Die Parallelen zur Reform der Lehrerbildung in Hessen liegen auf der Hand. Ihre Sanierung wird schon lange verschleppt, eine Fertigstellung ist nicht in Sicht. Der Gesetzentwurf der SPD vom August 2019 wurde als Warnhinweis offenbar nicht laut genug geäußert oder einfach nicht gehört. Die Lehrerbildung läuft dem Stand der digitalen Entwicklung und den Schülerzahlen hinterher. Für eine umfassende Reform, die auch die Lehrerfortbildung und die angemessene Qualifizierung von Quer- und Seiteneinsteigern umfasst, steht in Hessen kein Geld zur Verfügung. Die GEW hält es inzwischen „für unwahrscheinlich“, dass die schwarz-grüne Koalition ihren Zeitplan einhalten kann, bis zum Herbst 2020 über die Novellierung zu beschließen und die Lehrerbildung den aktuellen Anforderungen anzupassen.

2014 startete die „Qualitätsoffensive Lehrerbildung“, für die Bund und Länder bis 2023 bundesweit 500 Millionen Euro bereitstellen. Ewald Terhart formulierte damals in einem Beitrag unter dem Titel „Dauerbaustelle Lehrerbildung“ die Forderung, alle drei Phasen der Lehrerbildung auszubauen. Als vordringlich erachtete er ein verbindliches System der Lehrerweiterbildung als „Lernen im Beruf“ (Pädagogik 6/2014). Dies habe allerdings seinen Preis, und man müsse bereit sein, ihn zu bezahlen. Angesichts der zunehmenden Zahl von Quereinsteigerinnen und Quereinsteigern im hessischen Schuldienst und des enormen Qualifizierungsbedarfs, der Qualität sichert und den Kolleginnen und Kollegen zugleich dauerhafte berufliche Perspektiven eröffnet, ist die Forderung von Terhart dringlicher denn je (HLZ S.14).

Die HLZ-Redaktion und die Verantwortlichen für das Schwerpunktthema haben sich dennoch gegen das Baustellenmotiv entschieden und für das Titelbild das Verhältnis zwischen Theorie und Praxis gewählt. Auch das ist eine Leitfrage der Lehrerbildung, weil die drei Ausbildungsphasen in Hessen als wenig verzahnt wahrgenommen werden. Das gilt sowohl für die Erprobung des Praxissemesters ohne Rückkopplung mit den Inhalten des Vorbereitungsdiensts als auch für die Modularisierung der 2. Phase und den enormen Bewertungsdruck ohne Rückgriff auf die Erfahrungen in den Praxisphasen im Studium.

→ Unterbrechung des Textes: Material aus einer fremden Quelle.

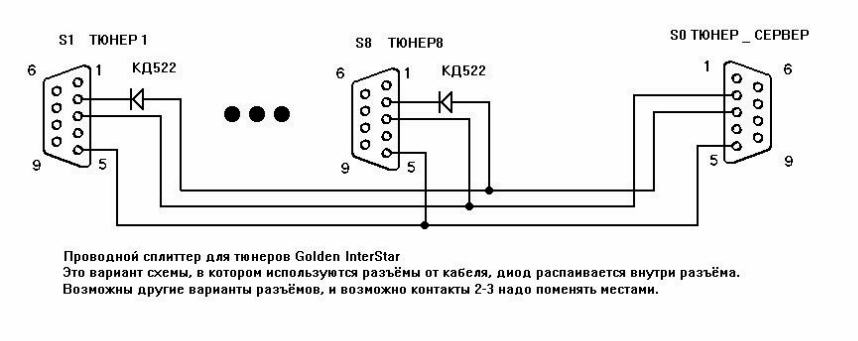 Схема vga разветвитель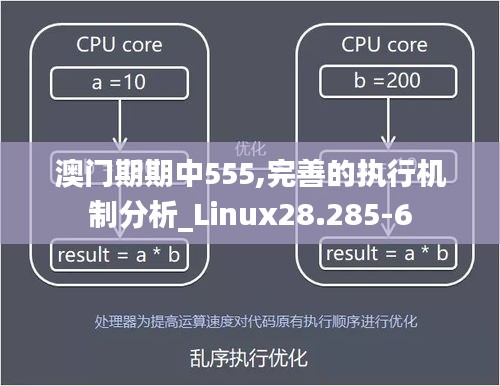 澳门期期中555,完善的执行机制分析_Linux28.285-6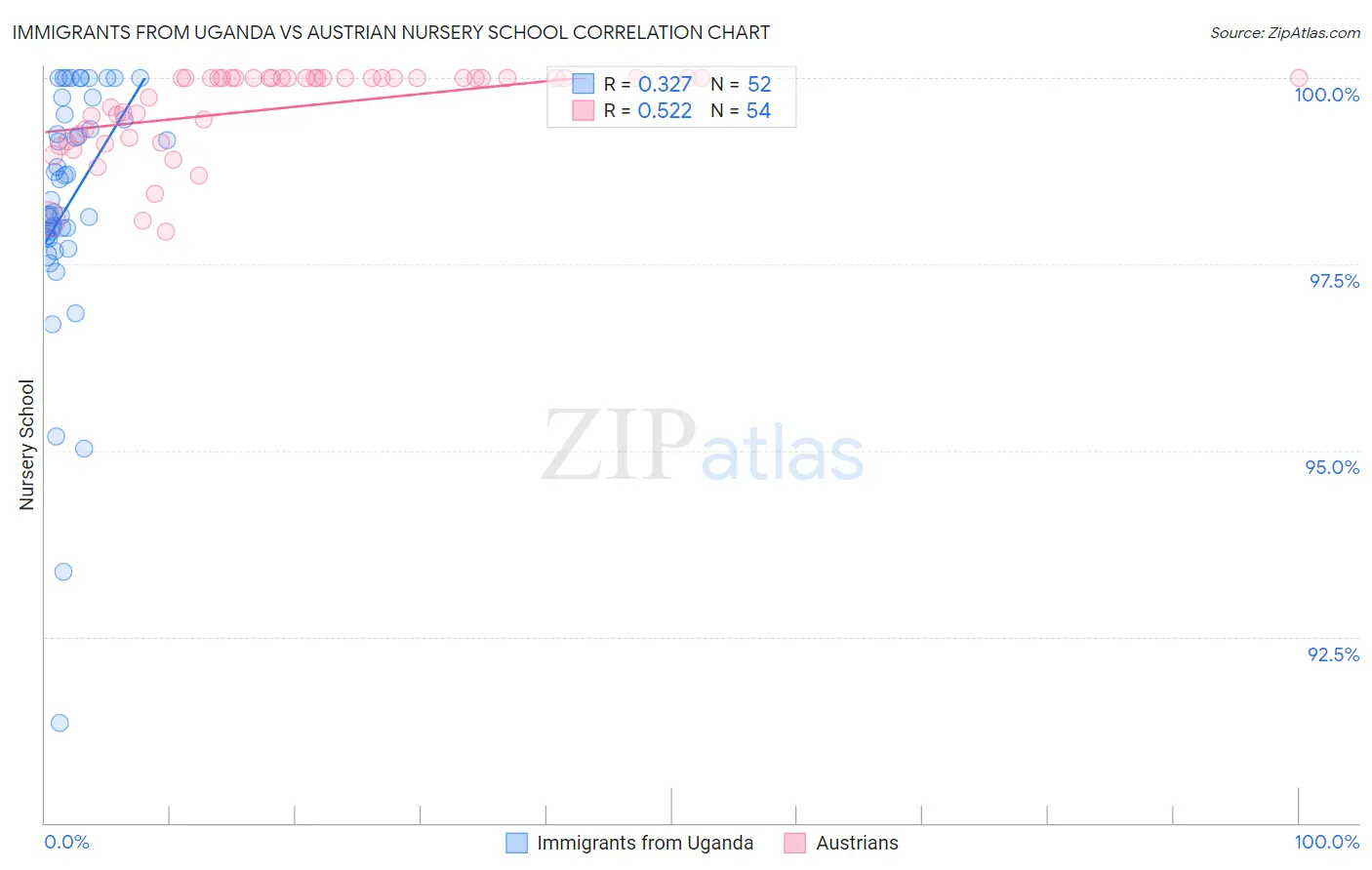 Immigrants from Uganda vs Austrian Nursery School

In allen Ausbildungsphasen wird zudem die fehlende Integration weiterer Querschnittsthemen bemängelt, die in der Praxis schon lange von Unterrichtenden verlangt werden. Die Arbeit in multiprofessionellen Teams sei hier als Beispiel genannt.

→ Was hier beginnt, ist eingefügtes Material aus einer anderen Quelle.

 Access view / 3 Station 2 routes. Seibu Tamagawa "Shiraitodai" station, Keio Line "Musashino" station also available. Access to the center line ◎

Vor diesem Hintergrund laden wir alle interessierten GEW-Mitglieder und Vertreterinnen und Vertreter aller Phasen der hessischen Lehrerbildung für den 22. April 2020 zu einem Werkstattgespräch zur Lehrerbildung in die GEW-Geschäftsstelle in Frankfurt ein, um gemeinsame Positionen und Erwartungen an ein neues Lehrerbildungsgesetz für Hessen zu formulieren (HLZ S.2).